Required action: Here is the task for the records below: repeat exactly the lines from the one with "thumbnail image 4" to the one with "Ümmargune plastikust köögiviljakile", both included, and nothing else.
[Entries provided — start]
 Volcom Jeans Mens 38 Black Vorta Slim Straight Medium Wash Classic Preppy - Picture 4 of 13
[Entries provided — finish]
[Entries provided — start]
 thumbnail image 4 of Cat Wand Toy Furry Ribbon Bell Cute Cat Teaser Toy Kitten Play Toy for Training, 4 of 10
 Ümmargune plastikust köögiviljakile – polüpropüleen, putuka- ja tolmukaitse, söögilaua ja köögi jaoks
[Entries provided — finish]
Reply:
 thumbnail image 4 of Cat Wand Toy Furry Ribbon Bell Cute Cat Teaser Toy Kitten Play Toy for Training, 4 of 10
 Ümmargune plastikust köögiviljakile – polüpropüleen, putuka- ja tolmukaitse, söögilaua ja köögi jaoks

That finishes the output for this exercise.